Given records ::

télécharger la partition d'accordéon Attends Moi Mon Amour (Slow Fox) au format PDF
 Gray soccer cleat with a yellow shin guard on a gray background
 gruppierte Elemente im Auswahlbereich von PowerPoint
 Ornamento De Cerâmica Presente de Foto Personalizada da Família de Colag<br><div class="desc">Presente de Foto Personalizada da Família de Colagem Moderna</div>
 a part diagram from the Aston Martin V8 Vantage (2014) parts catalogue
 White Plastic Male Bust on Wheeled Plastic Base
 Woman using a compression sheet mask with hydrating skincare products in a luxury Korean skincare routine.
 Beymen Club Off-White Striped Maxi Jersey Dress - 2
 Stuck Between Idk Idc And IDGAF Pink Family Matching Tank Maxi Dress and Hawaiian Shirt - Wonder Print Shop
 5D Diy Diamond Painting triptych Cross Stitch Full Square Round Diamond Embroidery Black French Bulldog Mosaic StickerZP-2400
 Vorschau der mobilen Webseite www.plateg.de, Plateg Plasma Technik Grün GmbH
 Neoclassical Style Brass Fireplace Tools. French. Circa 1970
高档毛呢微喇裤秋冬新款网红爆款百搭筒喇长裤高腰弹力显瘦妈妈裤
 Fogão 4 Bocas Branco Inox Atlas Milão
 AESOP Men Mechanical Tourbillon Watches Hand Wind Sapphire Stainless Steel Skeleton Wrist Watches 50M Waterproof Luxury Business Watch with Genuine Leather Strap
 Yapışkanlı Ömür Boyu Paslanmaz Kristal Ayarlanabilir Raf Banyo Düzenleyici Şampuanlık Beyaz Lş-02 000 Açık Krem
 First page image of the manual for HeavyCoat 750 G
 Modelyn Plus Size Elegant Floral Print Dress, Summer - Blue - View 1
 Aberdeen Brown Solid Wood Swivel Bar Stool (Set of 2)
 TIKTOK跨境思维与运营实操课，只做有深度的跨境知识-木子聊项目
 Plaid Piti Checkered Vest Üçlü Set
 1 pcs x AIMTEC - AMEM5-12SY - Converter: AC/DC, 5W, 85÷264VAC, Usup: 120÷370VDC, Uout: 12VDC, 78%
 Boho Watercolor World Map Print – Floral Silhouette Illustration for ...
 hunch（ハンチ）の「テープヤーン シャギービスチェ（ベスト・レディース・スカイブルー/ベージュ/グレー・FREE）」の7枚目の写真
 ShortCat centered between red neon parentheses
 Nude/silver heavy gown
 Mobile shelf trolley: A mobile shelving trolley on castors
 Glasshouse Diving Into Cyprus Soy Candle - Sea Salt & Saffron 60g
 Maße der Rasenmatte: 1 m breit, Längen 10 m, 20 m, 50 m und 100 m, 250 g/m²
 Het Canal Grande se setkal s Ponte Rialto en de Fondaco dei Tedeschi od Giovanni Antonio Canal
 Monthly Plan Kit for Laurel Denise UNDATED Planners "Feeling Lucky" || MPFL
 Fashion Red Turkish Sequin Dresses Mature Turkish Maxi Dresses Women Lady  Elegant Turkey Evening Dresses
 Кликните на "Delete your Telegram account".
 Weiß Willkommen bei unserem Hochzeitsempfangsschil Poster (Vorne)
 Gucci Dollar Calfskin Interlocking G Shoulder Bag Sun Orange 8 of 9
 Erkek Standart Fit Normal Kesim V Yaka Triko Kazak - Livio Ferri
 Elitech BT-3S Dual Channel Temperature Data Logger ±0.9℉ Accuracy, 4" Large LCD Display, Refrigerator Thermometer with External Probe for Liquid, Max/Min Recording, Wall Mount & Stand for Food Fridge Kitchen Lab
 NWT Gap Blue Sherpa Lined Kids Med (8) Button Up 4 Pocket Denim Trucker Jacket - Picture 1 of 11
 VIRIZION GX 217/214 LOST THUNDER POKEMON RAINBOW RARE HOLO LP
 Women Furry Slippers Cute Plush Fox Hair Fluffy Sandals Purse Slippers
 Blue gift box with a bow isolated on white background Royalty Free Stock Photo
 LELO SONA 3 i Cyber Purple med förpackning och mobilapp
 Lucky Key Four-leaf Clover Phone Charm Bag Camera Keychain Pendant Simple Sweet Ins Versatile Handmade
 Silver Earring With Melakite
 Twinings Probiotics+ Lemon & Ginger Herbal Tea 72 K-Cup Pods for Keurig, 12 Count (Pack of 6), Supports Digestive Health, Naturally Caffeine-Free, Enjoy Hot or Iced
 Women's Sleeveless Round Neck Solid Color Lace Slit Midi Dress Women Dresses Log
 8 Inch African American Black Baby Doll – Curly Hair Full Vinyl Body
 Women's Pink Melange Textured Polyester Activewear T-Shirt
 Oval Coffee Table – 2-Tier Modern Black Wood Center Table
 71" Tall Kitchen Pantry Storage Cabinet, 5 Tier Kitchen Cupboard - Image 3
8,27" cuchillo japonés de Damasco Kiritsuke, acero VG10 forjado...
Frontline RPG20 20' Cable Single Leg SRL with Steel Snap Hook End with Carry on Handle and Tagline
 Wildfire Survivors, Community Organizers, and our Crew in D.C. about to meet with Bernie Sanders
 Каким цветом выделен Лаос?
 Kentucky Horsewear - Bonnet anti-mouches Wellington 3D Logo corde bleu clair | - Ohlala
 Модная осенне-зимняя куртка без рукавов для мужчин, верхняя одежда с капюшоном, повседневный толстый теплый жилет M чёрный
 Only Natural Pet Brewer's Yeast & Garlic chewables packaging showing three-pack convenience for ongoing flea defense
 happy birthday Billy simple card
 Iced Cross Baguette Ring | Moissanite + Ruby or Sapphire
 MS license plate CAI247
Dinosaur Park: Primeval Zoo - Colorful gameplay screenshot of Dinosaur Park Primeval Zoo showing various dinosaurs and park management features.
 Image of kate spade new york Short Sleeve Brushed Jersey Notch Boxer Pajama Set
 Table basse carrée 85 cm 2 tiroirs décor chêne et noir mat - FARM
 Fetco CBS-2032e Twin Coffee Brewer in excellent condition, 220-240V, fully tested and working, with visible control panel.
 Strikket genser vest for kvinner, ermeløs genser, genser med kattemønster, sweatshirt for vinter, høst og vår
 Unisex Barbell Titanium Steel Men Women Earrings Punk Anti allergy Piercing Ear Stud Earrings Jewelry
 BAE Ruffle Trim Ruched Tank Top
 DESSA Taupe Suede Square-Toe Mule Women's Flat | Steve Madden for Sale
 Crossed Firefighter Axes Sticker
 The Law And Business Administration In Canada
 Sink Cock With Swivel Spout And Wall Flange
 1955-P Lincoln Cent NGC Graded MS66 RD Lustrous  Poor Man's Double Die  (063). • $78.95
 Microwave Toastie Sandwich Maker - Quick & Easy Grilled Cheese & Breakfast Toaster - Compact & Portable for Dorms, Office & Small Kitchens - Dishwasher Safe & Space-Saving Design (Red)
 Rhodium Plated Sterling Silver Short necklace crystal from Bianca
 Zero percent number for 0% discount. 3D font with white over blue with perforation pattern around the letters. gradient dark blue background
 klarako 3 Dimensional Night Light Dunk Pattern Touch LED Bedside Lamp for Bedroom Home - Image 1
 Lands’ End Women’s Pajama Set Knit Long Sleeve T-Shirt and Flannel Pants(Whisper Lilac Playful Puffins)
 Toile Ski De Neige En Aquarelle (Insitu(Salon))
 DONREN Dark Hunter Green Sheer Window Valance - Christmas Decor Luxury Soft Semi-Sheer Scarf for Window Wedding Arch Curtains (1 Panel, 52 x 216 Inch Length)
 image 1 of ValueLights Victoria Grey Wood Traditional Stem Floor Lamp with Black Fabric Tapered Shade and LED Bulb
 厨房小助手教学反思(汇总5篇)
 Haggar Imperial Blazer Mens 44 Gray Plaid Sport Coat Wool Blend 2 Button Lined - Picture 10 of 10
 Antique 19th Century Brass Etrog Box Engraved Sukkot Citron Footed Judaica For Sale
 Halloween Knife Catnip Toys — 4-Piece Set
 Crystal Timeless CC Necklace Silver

Try it ::
Of all the entries above, retype exactly the lines from the line with "Vorschau der mobilen" to the line with "AESOP Men Mechanical", both included, and no others.

Answer to this exercise ::
 Vorschau der mobilen Webseite www.plateg.de, Plateg Plasma Technik Grün GmbH
 Neoclassical Style Brass Fireplace Tools. French. Circa 1970
高档毛呢微喇裤秋冬新款网红爆款百搭筒喇长裤高腰弹力显瘦妈妈裤
 Fogão 4 Bocas Branco Inox Atlas Milão
 AESOP Men Mechanical Tourbillon Watches Hand Wind Sapphire Stainless Steel Skeleton Wrist Watches 50M Waterproof Luxury Business Watch with Genuine Leather Strap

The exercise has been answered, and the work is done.